What did you do that broke our agreements?

Which class rule(s) did you break?
____be respectful
____do your best
____sharing is caring
____no loud emotional outbursts

What need do you have that you were trying to meet when you did that?
____I wanted to have some fun.
____I was trying to be noticed.
____I wanted to be in control
____I wanted to get even with someone
____I needed help
____I wanted to be liked
____Other? __________________

What will you do to meet your needs in an appropriate way?

Do you need help from anyone else? _____ Yes ____ No

If yes, what support do you need, and from whom?

What action(s) will you take to repair the mistake you made?

At the bottom of the reflection sheet, there are signature spaces for the student, the TAB Out room teacher, and the class hour teacher, who sent the student. A date is also required.

When the reflection is written, the student raises his hand to indicate readiness to return to class. The TAB Out teacher quickly reads over the reflection, checks to make sure the student is ready to return and repair the damage, signs the sheet, and sends the student back to class. When the student returns to class, he stands inside the door, written reflection in hand, waiting until the teacher can spend a moment with him.

Ensuring a positive reentry
In the quick social conference at the door, the sending teacher and student review the student's reflection, checking for understanding of what happened and effort toward positive change. Then the student is welcomed back to class.

Action research
In the first half of the year, I used the TAB Out room 42 times. My analysis of needs being met by the rule-breaking behavior on the 42 written reflections indicates that, 23 identified a need for fun; 12 identified a need to talk to someone; 6 identified a need to relax; and one indicated a need for more information about something that was of pressing importance (the student wanted to know who had taken his pencil!).

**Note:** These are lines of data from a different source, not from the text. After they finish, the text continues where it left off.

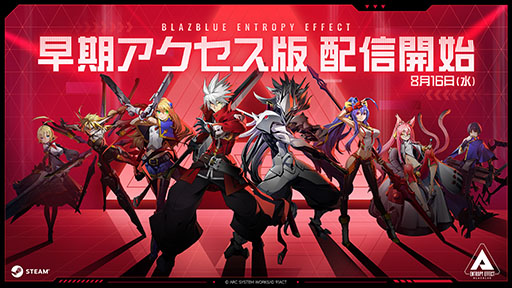 画像ギャラリー No.001のサムネイル画像 / ブレイブルーの新作アクション「Blazblue Entropy Effect」，早期アクセス版をSteamで公開。製品版は2024年第1四半期にリリース予定
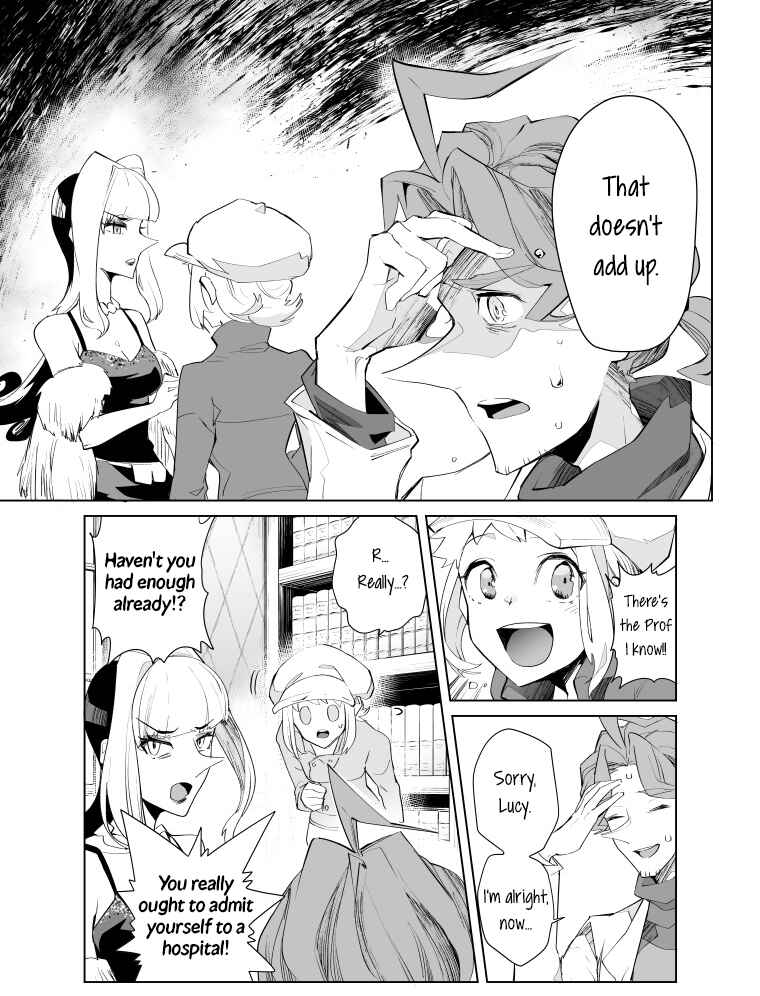 Page 6 Chapter 18 Layton Brothers Mystery Room: Perfect Crime Puzzle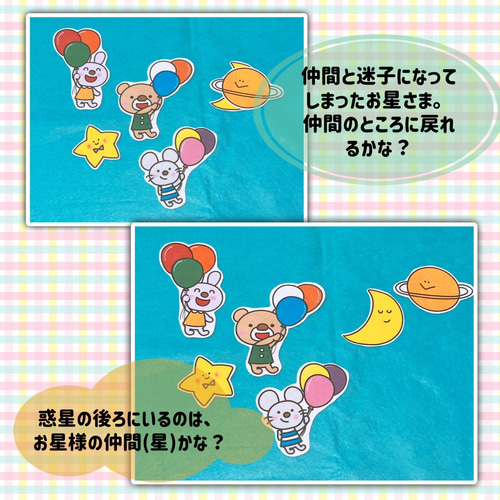パネルシアター【ふわふわのぼってお星さまの友達をみつけよう】保育園
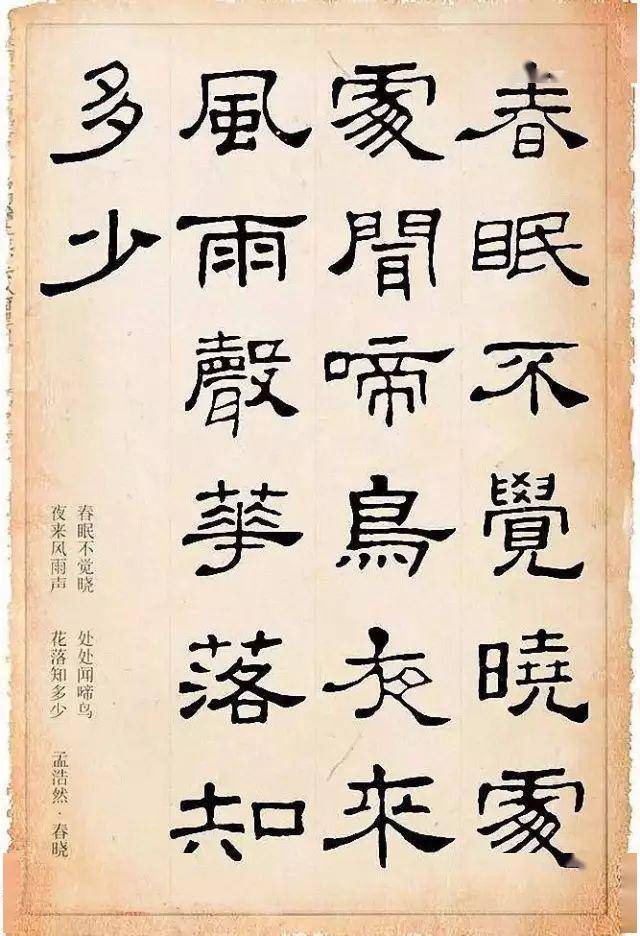 隶书写古诗俊美飞扬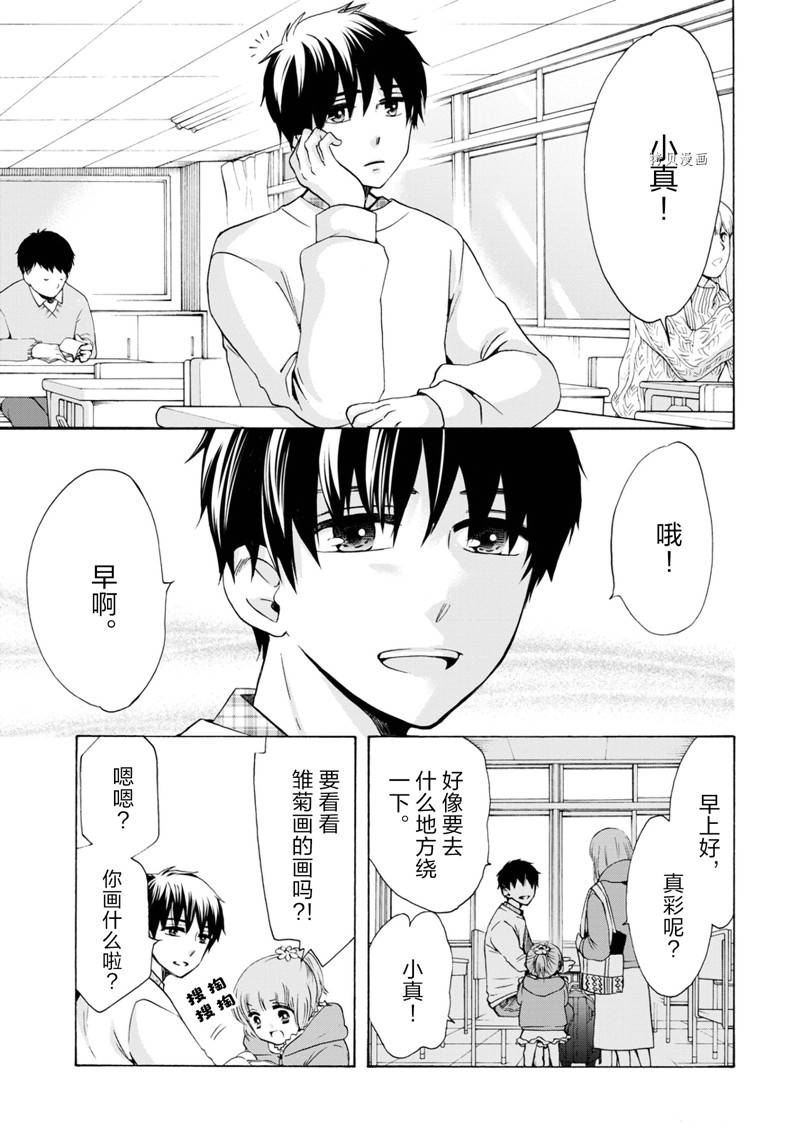 《初中学历劳动者开始的高中生活》第47话 第5页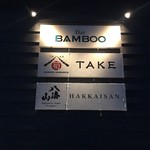 IZAKAYA×KAMAMESI 筍 - 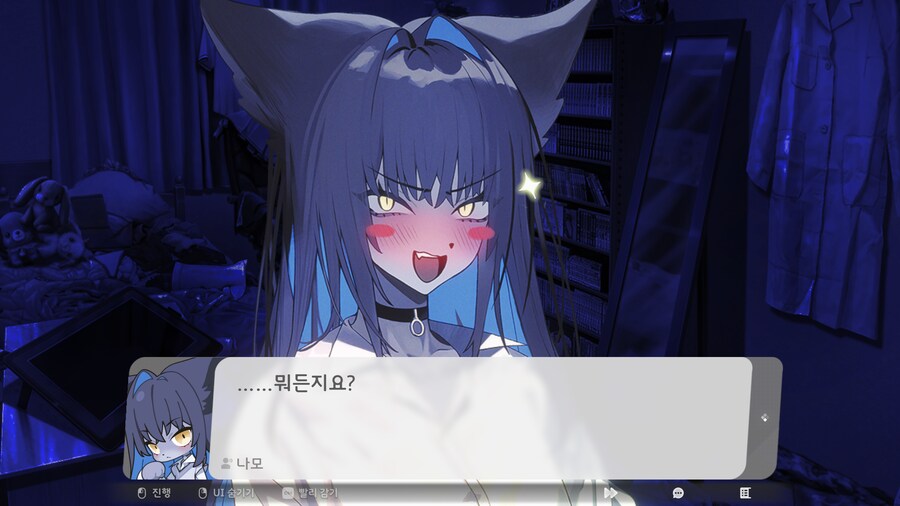 의외로 미연시에서 참지 못하는 선택지_1.png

Need to adjust the written reflection?
From among the list of needs that are found on the reflection form, a large percentage of my students checked I wanted to have some fun. But the second most used need was a need to talk to someone-a relational need-and there was nothing on the sheet predicting this. Because the reflection data regarding the need for social interaction was so clear, I would add two more categories to our form:
____I needed to talk to someone
____I needed to relax

Using the data
I see more clearly now that fun, talking, and relaxing are very important to middle school students, and sometimes these needs can get in the way of learning. They can also damage individual relationships and a learning community's fabric. Students need to understand when discussion is appropriate and when active listening is required. For example, when a student steps over the line by side-talking during another student's presentation, the talker needs a teacher who will quickly redirect. The more we intentionally build into our lessons opportunities for fun, social interaction, and learning in a relaxed environment, the better climate we'll have.

Maintaining engagement
It is essential to meet these needs in a positive way while empowering students so they learn self-control. Every period of the day-not just advisory/homeroom-needs to have a built-in opportunity for positive fun. One approach could be to stop everything in the middle of the class, or at a natural transition near the middle, and play for five minutes. That would meet the need for fun, energize the students, and allow the teacher to bring them back afterward to a strong focus on learning. Using engaged learning strategies infused with social interaction and reflection can also help teachers craft lessons that meet students' over-arching need for connection with peers in a meaningful, positive way.

Food for thought
The fact that nobody checked off four of the categories-I was trying to be noticed, I wanted to be in control, I wanted to get even with someone, I needed help, I want people to like me-doesn't mean they have no purpose on the form. I feel that there were times when one of these categories accurately described what had transpired, but students either weren't able to see that need or weren't ready to recognize it, perhaps for developmental reasons. Nonetheless, the presence of these categories on the form allows a safe, introspective opportunity for students to wrestle with a wide variety of possible reasons for their misbehavior. It gives them valuable, specific information-food for thought.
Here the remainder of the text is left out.